# Zarr files and L5kit data for dummies

>When I saw this competition for the first time, I said to myself: great, I'm going to have a lot of fun :) . And very quickly, I signed up. But, in fact I hadn't seen the real data yet. The data, although it seems quite rich to me, is presented in a format that makes you want to go kill yourself rather than touch it (I'm exaggerating a bit of course).

>The few public notebooks that try to approach this ogre, all use the same logic that totally prevents you from understanding the the data. Indeed, they all use the L5kit API which is a great API (I think it is optimized from an application point of view). But let's not hide it, this data format is far from the one we are used to caress with Pandas. So all is lost? Well no! This is what I will try to show in this work.

In this notebook, we will discover together, step by step, what is a **zarr** file and as a use-case, we will apply our discoveries to the **L5kit zarr dataset**. Let's start right away !

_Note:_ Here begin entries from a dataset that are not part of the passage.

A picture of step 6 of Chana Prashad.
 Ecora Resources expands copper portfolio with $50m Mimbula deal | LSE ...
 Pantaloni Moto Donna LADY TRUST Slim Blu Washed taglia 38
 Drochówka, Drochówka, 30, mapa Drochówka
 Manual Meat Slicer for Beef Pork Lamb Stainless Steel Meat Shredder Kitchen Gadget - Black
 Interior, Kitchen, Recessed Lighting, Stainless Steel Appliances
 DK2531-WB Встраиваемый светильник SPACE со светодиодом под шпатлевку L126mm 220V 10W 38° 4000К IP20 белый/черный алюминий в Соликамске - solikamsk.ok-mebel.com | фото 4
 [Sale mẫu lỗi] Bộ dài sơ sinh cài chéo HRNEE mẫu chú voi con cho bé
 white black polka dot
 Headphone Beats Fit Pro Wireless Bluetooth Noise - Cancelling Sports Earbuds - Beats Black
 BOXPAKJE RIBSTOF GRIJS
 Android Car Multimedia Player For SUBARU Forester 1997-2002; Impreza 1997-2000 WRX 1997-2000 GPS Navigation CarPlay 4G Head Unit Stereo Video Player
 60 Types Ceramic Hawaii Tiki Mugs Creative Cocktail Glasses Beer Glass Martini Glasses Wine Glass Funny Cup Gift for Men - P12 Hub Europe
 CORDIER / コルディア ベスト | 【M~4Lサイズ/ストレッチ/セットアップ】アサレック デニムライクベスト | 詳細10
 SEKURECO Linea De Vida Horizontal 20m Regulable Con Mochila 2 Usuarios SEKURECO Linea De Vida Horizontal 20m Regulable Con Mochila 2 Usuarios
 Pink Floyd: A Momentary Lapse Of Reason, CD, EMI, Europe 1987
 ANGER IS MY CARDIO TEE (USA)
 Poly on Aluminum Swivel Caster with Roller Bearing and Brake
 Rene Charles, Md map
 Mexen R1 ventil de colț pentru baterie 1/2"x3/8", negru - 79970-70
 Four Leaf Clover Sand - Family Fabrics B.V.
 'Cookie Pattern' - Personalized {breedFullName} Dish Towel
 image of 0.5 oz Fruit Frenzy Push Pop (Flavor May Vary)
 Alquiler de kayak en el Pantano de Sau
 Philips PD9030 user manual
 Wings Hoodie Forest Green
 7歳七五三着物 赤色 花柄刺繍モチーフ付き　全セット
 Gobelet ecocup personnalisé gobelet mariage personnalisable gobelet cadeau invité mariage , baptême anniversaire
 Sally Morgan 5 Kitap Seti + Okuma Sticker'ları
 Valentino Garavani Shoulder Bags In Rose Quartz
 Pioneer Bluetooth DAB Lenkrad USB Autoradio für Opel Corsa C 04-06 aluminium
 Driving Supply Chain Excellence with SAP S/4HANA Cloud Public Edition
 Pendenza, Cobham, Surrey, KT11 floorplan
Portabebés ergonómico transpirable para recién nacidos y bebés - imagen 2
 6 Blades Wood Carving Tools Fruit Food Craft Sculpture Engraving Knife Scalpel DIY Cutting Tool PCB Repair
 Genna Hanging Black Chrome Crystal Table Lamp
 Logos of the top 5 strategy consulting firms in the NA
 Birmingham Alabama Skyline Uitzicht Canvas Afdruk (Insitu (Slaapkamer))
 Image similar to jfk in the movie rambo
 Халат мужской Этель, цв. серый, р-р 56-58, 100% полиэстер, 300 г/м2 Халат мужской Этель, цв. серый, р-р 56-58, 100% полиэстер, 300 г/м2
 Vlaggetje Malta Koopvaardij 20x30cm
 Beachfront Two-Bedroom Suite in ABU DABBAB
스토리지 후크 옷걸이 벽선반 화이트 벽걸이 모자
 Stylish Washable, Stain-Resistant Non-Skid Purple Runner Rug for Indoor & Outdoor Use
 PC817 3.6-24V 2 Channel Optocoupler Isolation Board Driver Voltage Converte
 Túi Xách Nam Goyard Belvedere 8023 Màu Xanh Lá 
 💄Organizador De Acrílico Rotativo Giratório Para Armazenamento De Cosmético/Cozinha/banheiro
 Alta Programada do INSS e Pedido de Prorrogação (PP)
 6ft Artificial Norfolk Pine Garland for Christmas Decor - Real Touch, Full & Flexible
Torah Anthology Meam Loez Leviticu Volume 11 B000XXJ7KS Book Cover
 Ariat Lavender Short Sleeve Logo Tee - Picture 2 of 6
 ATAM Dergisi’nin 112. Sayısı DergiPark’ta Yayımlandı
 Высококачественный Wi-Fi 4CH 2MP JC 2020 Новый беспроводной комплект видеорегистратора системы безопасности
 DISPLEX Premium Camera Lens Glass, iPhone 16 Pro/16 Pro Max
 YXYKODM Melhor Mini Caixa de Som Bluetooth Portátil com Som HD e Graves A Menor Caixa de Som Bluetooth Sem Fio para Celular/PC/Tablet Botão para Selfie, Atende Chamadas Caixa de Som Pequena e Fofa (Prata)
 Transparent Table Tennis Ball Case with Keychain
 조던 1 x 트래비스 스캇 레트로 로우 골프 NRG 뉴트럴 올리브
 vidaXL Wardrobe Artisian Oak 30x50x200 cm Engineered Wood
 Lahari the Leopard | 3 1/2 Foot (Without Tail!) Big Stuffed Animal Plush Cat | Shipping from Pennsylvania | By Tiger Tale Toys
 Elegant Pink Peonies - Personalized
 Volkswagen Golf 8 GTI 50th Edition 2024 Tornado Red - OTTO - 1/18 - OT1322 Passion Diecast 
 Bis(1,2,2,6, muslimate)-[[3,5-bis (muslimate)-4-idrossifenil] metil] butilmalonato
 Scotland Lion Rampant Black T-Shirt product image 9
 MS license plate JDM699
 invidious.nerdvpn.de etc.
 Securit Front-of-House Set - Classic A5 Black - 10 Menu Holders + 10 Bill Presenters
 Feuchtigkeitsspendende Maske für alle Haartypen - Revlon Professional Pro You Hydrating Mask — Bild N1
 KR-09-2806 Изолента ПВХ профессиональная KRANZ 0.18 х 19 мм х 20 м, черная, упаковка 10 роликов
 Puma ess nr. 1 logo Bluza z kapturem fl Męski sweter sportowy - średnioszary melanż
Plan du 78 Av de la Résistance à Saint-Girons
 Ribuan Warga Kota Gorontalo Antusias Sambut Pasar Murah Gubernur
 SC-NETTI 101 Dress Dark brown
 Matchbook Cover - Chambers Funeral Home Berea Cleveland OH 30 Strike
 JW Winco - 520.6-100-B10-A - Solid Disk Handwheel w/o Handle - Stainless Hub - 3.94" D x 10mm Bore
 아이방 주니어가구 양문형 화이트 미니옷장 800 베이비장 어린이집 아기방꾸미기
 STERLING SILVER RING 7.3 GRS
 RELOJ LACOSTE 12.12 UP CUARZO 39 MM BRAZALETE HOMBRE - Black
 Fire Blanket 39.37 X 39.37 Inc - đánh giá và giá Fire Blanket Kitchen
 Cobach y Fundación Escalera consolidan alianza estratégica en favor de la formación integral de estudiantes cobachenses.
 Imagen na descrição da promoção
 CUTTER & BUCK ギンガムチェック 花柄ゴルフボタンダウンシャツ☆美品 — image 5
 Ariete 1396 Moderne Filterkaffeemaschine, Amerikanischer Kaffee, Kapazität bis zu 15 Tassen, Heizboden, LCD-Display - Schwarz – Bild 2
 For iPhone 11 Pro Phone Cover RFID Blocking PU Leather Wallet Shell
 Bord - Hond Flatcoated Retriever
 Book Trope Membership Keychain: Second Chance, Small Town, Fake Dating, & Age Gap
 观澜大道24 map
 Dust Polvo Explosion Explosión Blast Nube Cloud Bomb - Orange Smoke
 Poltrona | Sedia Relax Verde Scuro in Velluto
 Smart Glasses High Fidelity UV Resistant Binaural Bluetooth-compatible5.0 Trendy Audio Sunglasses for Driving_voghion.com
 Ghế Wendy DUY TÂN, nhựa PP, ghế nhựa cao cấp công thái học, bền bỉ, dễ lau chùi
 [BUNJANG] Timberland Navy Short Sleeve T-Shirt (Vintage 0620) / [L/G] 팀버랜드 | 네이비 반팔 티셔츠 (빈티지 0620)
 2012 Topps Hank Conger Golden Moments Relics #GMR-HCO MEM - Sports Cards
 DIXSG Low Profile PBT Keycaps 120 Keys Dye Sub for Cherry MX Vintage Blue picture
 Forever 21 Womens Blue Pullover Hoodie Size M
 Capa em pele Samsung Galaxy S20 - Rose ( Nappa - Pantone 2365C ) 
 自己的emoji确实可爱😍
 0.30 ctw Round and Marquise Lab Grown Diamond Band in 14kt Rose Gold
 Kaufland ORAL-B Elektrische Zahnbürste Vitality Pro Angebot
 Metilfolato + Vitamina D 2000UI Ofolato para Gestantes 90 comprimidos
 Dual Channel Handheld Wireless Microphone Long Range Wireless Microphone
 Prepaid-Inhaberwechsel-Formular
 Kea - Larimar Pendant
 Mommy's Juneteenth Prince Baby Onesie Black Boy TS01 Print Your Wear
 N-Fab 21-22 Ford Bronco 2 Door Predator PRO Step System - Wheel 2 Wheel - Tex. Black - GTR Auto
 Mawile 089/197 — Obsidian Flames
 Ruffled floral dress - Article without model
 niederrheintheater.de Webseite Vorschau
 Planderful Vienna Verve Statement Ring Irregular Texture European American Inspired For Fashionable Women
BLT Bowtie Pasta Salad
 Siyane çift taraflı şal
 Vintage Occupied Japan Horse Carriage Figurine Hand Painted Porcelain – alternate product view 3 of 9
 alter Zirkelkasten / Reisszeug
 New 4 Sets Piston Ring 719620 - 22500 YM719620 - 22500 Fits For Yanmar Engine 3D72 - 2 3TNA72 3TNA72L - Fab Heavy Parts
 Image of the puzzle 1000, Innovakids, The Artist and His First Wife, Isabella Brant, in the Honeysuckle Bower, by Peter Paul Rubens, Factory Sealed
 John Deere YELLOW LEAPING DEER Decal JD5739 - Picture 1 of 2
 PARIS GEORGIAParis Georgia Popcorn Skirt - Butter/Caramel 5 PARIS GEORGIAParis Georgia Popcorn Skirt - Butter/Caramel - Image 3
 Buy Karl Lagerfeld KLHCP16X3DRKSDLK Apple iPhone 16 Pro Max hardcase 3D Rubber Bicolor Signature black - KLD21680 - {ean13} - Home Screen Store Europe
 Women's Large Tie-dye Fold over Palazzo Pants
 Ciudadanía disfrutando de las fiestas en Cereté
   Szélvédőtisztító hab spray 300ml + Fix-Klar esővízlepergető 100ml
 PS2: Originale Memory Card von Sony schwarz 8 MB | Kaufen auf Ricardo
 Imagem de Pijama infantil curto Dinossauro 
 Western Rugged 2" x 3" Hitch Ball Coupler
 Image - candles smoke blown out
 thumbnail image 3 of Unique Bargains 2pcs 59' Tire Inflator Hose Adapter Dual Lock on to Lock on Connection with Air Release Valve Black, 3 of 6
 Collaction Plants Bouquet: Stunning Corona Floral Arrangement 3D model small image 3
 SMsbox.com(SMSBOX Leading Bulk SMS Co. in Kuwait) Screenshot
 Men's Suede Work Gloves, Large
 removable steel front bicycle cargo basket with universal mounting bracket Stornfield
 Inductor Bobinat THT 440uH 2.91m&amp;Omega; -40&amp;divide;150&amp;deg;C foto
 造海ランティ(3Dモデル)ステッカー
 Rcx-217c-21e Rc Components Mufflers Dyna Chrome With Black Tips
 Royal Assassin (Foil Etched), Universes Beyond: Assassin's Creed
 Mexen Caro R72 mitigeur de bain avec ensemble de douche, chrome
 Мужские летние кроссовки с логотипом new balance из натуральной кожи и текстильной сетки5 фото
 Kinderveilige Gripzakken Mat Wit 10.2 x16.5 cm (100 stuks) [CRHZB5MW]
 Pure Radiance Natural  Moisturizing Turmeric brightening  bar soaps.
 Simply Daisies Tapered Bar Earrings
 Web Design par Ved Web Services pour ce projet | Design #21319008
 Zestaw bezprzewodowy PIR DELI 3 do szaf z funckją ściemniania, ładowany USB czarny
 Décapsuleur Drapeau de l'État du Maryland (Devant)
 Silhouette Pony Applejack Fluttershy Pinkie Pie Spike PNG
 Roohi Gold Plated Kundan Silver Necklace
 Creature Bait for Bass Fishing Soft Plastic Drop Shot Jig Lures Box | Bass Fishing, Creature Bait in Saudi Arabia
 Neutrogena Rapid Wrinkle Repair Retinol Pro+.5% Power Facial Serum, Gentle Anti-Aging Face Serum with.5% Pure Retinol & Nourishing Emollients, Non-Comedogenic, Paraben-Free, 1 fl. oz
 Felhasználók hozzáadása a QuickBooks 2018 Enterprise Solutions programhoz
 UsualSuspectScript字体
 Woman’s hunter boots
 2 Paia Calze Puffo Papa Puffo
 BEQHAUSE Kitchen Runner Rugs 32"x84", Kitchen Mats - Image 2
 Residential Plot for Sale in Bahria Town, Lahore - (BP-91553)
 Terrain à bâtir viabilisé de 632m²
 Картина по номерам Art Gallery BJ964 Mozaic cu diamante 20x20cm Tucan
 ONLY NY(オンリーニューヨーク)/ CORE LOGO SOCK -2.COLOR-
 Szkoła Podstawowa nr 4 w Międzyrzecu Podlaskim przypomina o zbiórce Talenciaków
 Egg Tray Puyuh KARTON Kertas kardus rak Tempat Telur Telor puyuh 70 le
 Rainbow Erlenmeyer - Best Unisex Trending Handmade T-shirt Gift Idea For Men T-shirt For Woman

To achieve our goals, we will need some ingredients:
* **Zarr** : as you may have guessed, it is the main package for handling **zarr** files
* **Numpy** :  zarr files are built in front of **Numpy arrays**
* **Pandas**:  our zarr files will be parsed into **Pandas DataFrames** for further analysis

In [None]:
try:
    import zarr
except  ModuleNotFoundError:
    ! pip install zarr > /dev/null
    ! pip install ipytree > /dev/null

In [None]:
import zarr
import pandas as pd, numpy as np
import itertools as it # I will be using the `itertools.chain` function
from pathlib import Path # for better file/path operations management

<h5 style="color:blue;text-align:center;">Please upvote the kernel if you find it useful. You'll motivate me to go through the junky documentations in order to make this competition Great Again :) !</h5>

# 1. Off-topic zarr tutorial for dummies
> This part is off-topic :), but not the less. Here, I will make a general introduction to zarr files. If you can't wait to get down to business, feel free to jump tho #part2 .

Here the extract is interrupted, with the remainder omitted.